** Supplied material **

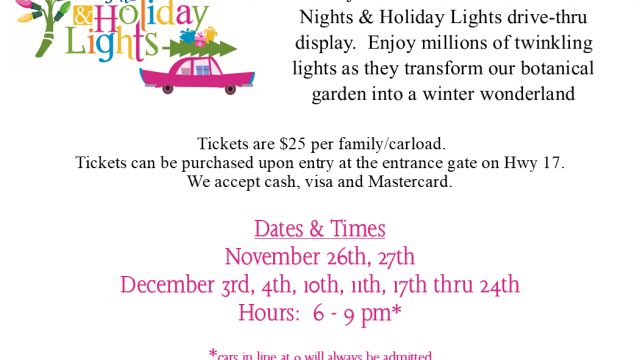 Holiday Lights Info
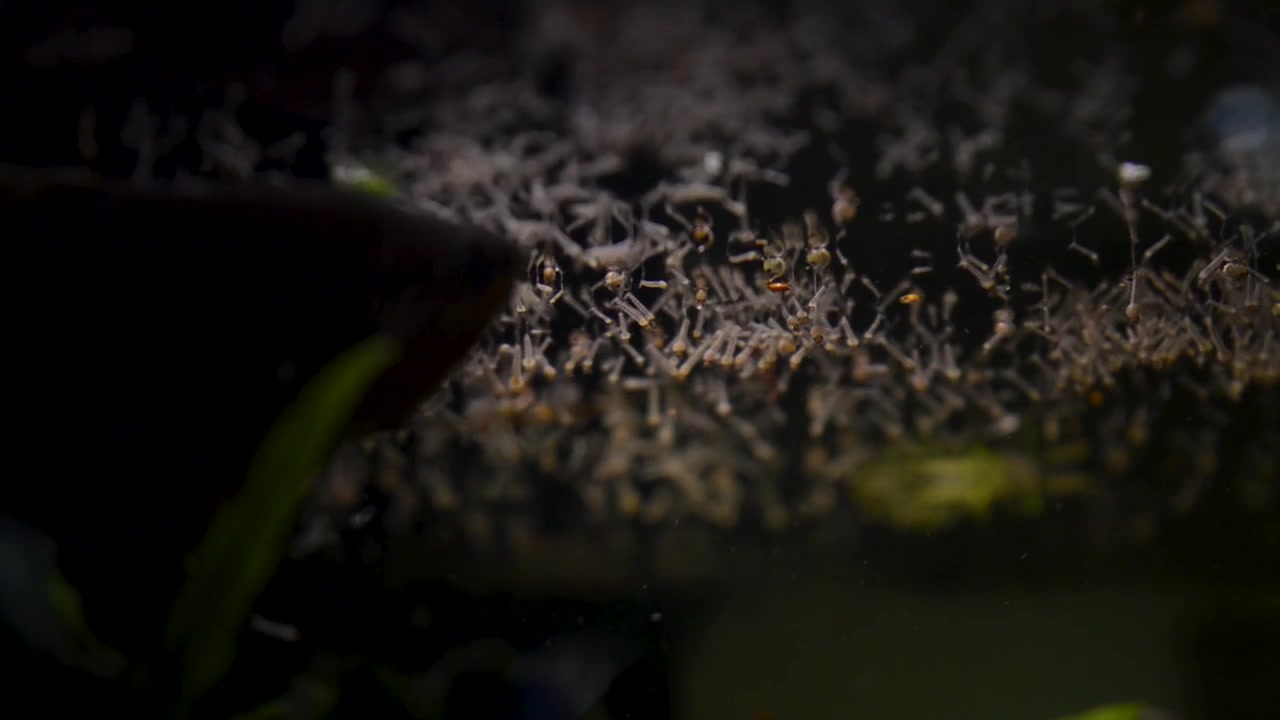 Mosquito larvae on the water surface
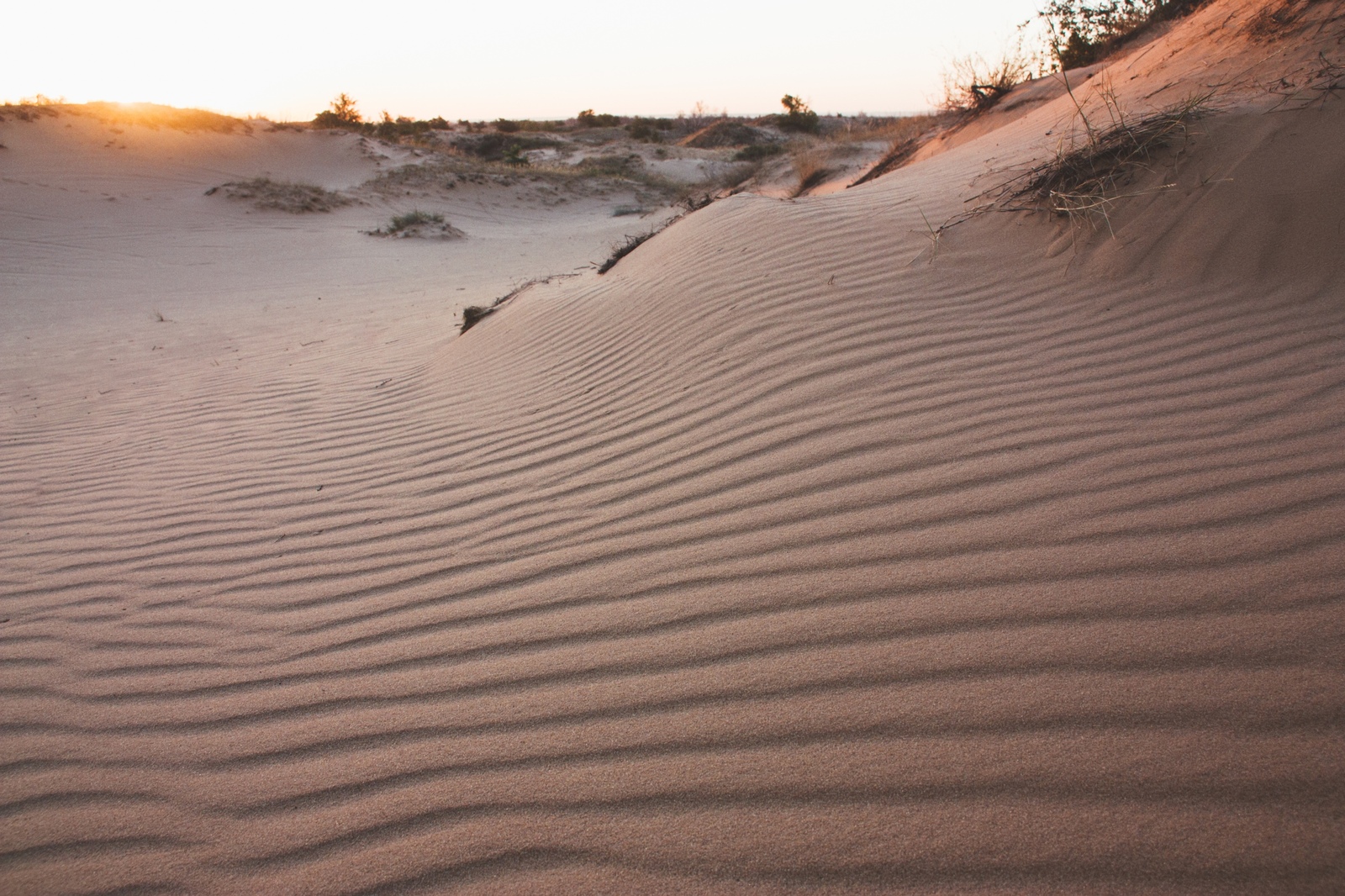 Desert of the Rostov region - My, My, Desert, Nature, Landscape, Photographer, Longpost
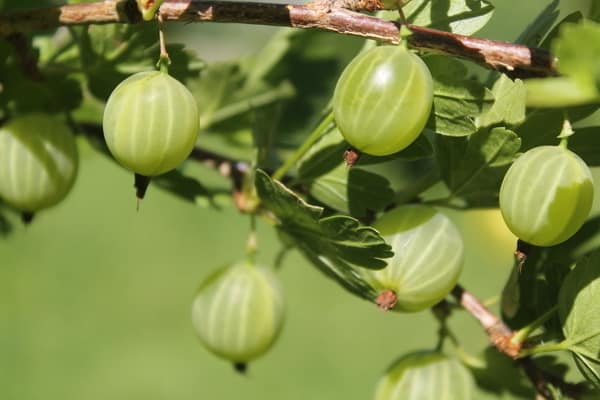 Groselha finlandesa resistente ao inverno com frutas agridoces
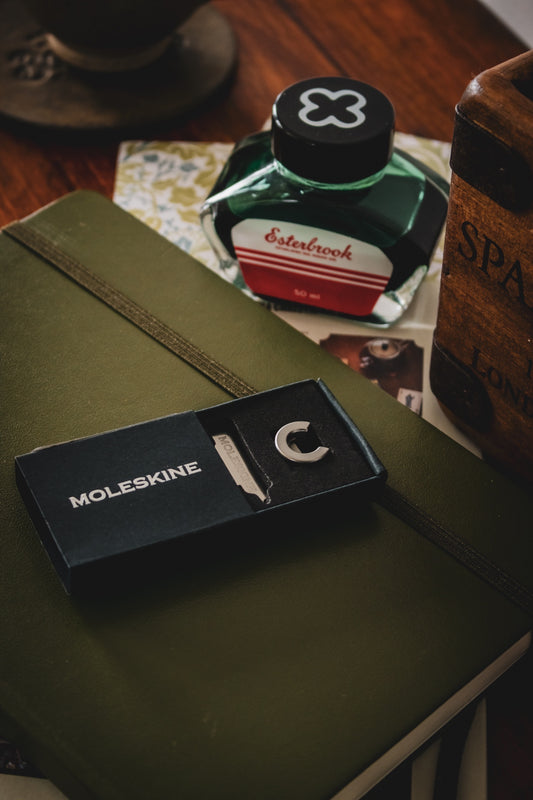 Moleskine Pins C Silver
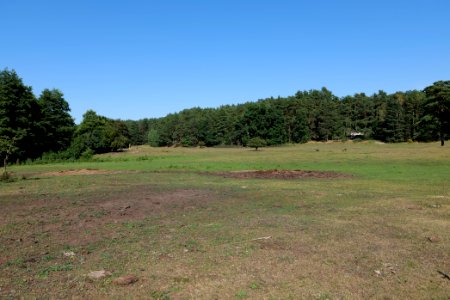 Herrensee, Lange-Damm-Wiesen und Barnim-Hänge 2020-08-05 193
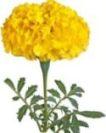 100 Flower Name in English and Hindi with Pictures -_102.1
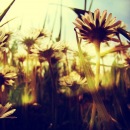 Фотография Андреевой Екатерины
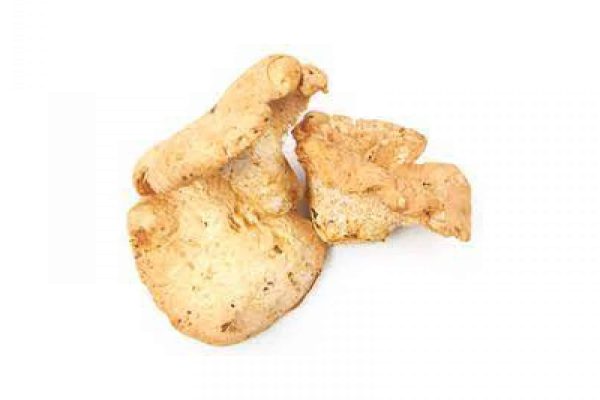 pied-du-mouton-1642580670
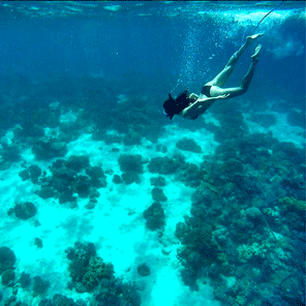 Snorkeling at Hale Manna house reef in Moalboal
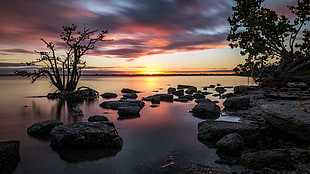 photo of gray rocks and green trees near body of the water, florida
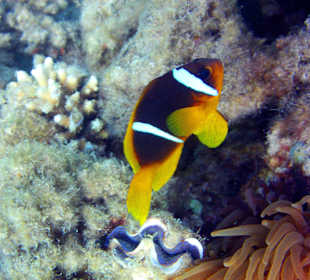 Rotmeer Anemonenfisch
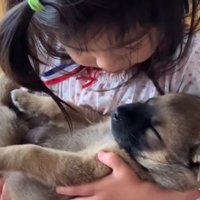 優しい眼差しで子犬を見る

** Directions **
Please print the lines above word for word, starting at the one with "100 Flower Name" and ending at the one with "photo of gray", both included, and without any picture.

** Task response **
 100 Flower Name in English and Hindi with Pictures -_102.1
 Фотография Андреевой Екатерины
 pied-du-mouton-1642580670
 Snorkeling at Hale Manna house reef in Moalboal
 photo of gray rocks and green trees near body of the water, florida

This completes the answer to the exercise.